This is an excellent buttercream recipe! So much better than the powdered sugar heavy version I used to make. The consistency is light & fluffy while the flavor is sweet but not too sweet. I also made the chocolate version with Guittard bittersweet chocolate - amazing! Note that both the butter and heavy cream need to be at room temperature before you start. Also, it takes a long time to come back to room temp if you refrigerate overnight.

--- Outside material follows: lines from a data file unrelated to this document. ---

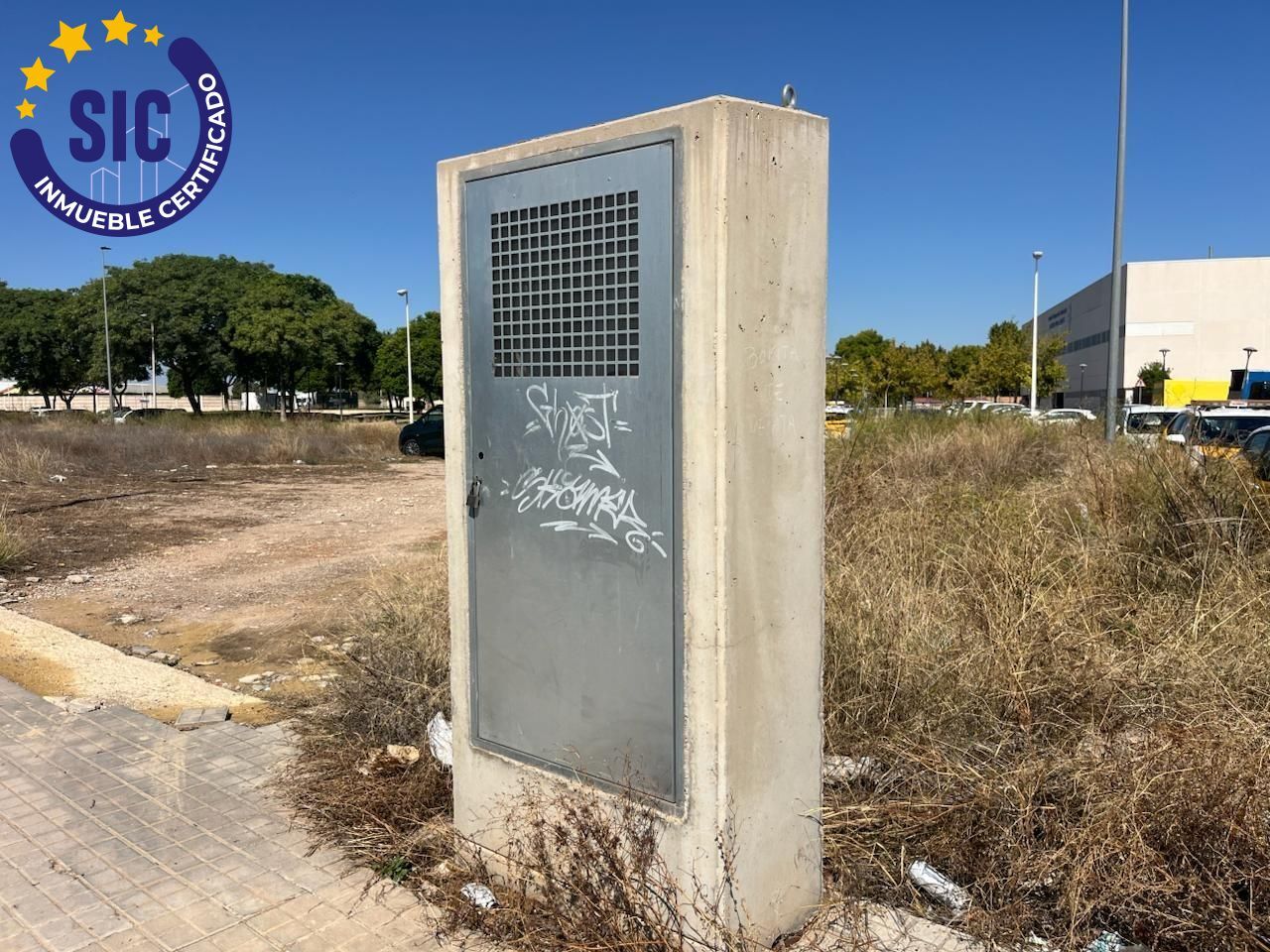 Parcela Industrial Exenta de 2.098 m² en el Eje Logístico de Valencia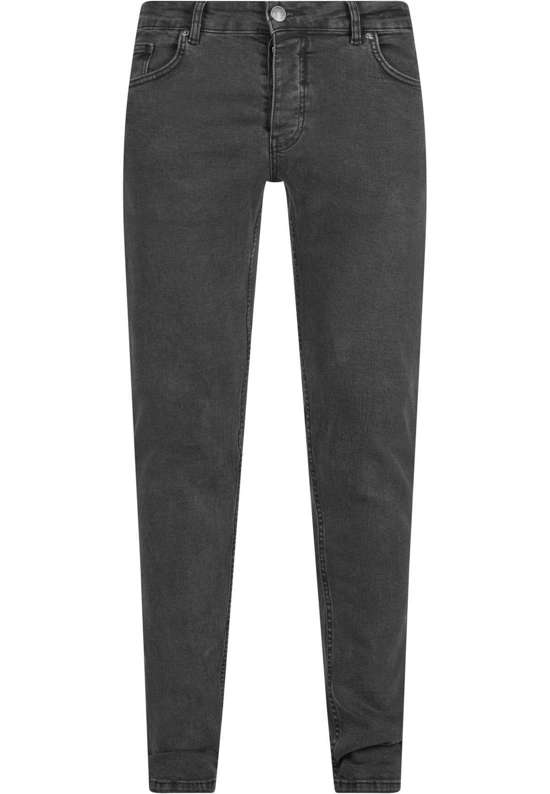 Джинсы узкого кроя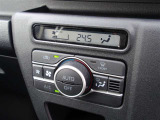 オートエアコンで車内快適♪ご希望の温度に設定すれば風向きや風量を自動で調整してくれますよ!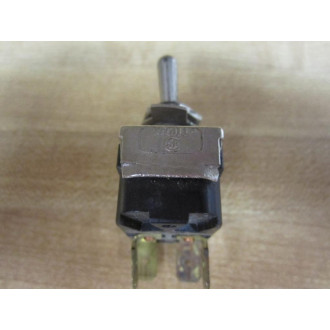 McGill 0121-00 Toggle Switch 012100 - Used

This is the recipe that I followed for years but with less butter and milk. I don't like the metallic taste of raw confectionery sugar so I tried the Food 52 technique: Melt the butter, mix it with the powdered sugar, salt, and milk in a stainless steel bowl. Set the bowl in a wide skillet of barely simmering water for 5 minutes, stirring from time to time. Remove the bowl from the water, add the vanilla, and beat until cool and fluffy. Set in a ice bath to cool and thicken faster. Much better!

I have also had really good results using freeze dried fruits to flavor buttercream frosting - freeze dried strawberries worked wonders for the pink "flavored" cake my stepson wanted for his birthday!

The kosher salt came close to ruining this. Would use way less salt and something less coarse than kosher salt.

This is the buttercream of all buttercreams. Simply outstanding. Not at all cloyingly sweet, just perfect. Did 1.5x recipe for a 6" layer, had about 1/2 cup leftover.

Made today to frost 2 - 8 inch layer cakes . Delicious as written not too sweet or salty. Added lemon zest and fresh raspberries at the very end . There was just enough to cover the cakes. This is the first American butter cream recipe that I have liked in 50 years.